Cette mésaventure, qui n’est pas une première, se fait toutefois plus rare. Les influenceurs, particulièrement ceux issus des communautés noires ou queers, sont aujourd'hui mieux sensibilisés aux questions d'appropriation culturelle, et rapidement conseillés pour verrouiller leurs droits. Une prise de conscience collective qui fait suite à de nombreux cas d'appropriation non rémunérée, comme celui emblématique de Kayla Newman alias Peaches Monroe, qui a dû lancer une campagne GoFundMe. En 2014, son expression « on fleek » ( « réussi », pour qualifier son maquillage des sourcils), lancée sur Vine, avait massivement été reprise par moult marques ou célébrités comme Ariana Grande et Kim Kardashian, sans la moindre compensation financière.
Le phénomène témoigne d'une professionnalisation de l'économie des mèmes. Les contenus viraux, autrefois considérés comme des phénomènes éphémères et gratuits, sont désormais traités comme de véritables actifs commerciaux. Le cas de Jean-Pierre Fanguin, qui dit avoir engrangé de grosses sommes d’argent grâce à l'exploitation des droits de son expression devenue culte, en illustre le potentiel lucratif. Au-delà des revenus publicitaires, la monétisation des mèmes s'étend au merchandising, aux partenariats de marques et licences d'exploitation, créant tout un écosystème commercial autour de la viralité. Quitte à attirer les opportunistes, ou à user leur humour jusqu’à la corde.
Les dramas synthographiques débarquent
Début 2023, un Will Smith plein de glitches s’enfilait une plâtrée de spaghettis dans une vidéo malaisante, générée par l’IA text-to-video d’Alibaba, Modelscope.

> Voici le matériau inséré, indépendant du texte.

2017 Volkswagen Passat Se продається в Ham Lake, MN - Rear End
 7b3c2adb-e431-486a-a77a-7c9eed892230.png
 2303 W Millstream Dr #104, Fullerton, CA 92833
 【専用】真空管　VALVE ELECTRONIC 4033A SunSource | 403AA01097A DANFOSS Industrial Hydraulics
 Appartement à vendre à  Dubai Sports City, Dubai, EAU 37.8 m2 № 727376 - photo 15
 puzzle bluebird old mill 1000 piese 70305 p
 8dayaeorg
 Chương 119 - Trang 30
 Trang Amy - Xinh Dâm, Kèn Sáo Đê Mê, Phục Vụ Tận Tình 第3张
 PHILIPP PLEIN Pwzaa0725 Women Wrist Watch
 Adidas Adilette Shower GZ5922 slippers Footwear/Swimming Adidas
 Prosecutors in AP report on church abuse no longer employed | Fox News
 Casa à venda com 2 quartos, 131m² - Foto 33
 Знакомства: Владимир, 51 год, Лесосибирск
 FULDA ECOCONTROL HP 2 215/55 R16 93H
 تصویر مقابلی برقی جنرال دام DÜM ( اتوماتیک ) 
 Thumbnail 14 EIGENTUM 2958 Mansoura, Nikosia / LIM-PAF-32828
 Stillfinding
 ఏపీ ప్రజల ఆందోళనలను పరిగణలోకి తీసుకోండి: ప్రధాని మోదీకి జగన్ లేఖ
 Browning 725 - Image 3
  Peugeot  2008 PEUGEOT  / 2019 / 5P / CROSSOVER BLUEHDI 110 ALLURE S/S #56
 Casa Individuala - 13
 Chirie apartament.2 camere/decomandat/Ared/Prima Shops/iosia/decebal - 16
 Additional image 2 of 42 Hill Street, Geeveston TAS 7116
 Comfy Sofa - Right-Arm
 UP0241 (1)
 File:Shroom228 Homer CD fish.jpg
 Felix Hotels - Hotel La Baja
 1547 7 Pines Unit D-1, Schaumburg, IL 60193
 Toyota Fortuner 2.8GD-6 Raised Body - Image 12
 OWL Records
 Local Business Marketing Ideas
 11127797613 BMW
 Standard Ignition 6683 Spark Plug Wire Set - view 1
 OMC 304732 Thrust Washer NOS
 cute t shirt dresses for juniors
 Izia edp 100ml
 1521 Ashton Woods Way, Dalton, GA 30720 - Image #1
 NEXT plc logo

Un an plus tard, les dramas synthographiques (générés par IA) pour smartphones cassent la baraque en Chine. The Mirror of Mountains and Seas a généré plus de 52 millions de vues sur l'application Kuaishou. De même, Sanxingdui : Revelation of the Future, coproduite par Bona Film Group et Douyin (version chinoise de TikTok), a atteint 140 millions de vues depuis juillet.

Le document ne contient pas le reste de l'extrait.